How History is Made: An Introduction to Source Analysis
One Section Available to Choose From:
|Course Dates||Weeks||Meeting Times||Status||Instructor(s)||CRN|
|July 27, 2015 - July 31, 2015||1||M-F 8:30A-11:20A||Open||Liise Lehtsalu||10529|
How History is Made invites students into the historians' workshop and introduces them to the basics of historical research. We will handle, discuss, and evaluate the sources available to historians when they construct their narratives about the past. Students will learn to identify various types of sources, to analyze and to evaluate a source, and to recognize the various uses for a source.
How History is Made introduces students to written, oral, audio-visual, and material sources. We will begin with a section from The Prince by Niccolo Machiavelli, the quintessential piece of political writing and a widely used written source for historians. From there we move on to other types of written sources such as newspaper articles, letters, novels, and shopping lists. After written sources, we will consider oral sources in the form of interviews. Next will come audio-visual sources such as paintings, photos, and films. And finally, we will turn to material sources, including a pair of skinny jeans, a necklace, and a cell phone. With every new source type we encounter, we ask the following questions: Who produced this source and why? What are the inherent possibilities and limitations of this source? How does this source shape and frame a historical narrative? To enhance our understanding of the various sources, students will have the opportunity to visit a special collections library and see an early printed book, to make their own oral history, and to find a new piece of material history. Students will hone their analytical reading and observation skills and they will learn to think critically about the origins of the historical narratives they are used to reading in their textbooks and seeing on the History Channel.

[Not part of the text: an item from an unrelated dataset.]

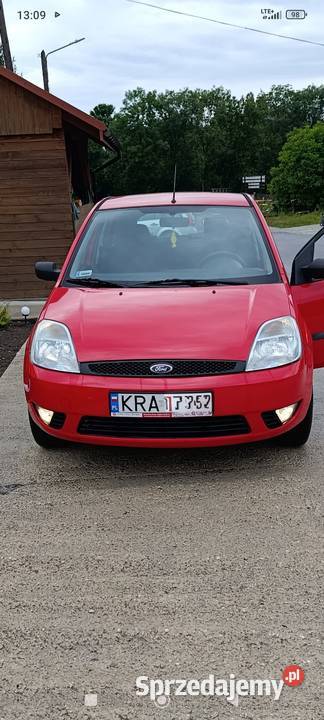 Ford Fiesta 12 benzy 75 Słomniki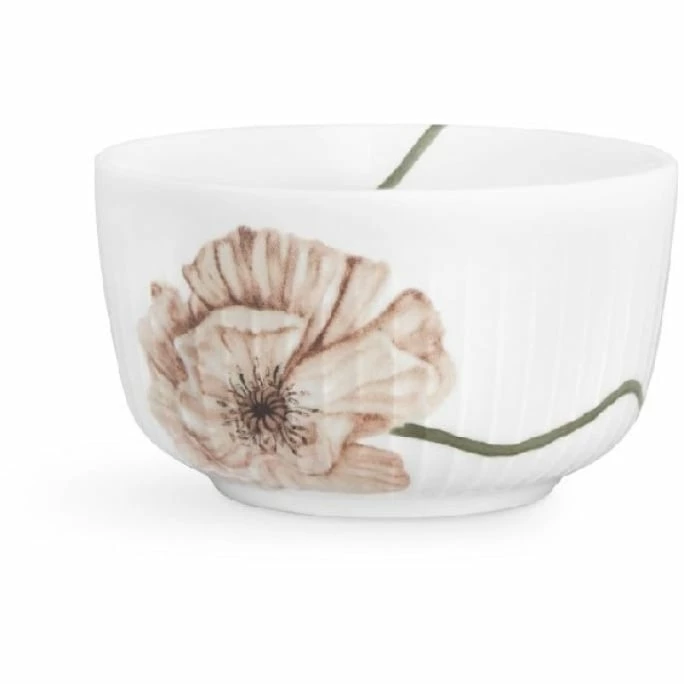 Flash Sale ✔️ Kähler Design 🔨 Hammershøi Poppy Schale - Ø 12 Cm - Höhe 7 Cm - Weiß ⭐ 3 Flash Sale ✔️ Kähler Design 🔨 Hammershøi Poppy Schale - Ø 12 Cm - Höhe 7 Cm - Weiß ⭐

By the end of this course, students can recognize the various sources available to historians and will be able to critically evaluate these sources. Hands on experiences and in-class discussions, presentations, and short writing assignments will allow students to practice expressing their thoughts orally and in writing, in small group situations and in front of an audience. The course's emphasis on source analysis and critical reading will help prepare the students who wish to take a AP History exam or the IB Diploma history exam. The daily encounters with various primary sources and field trips to a special collections library and an art exhibit will introduce students to the foundations of college-level research in qualitative sources.
No prerequisites. The course is accessible to all interested students.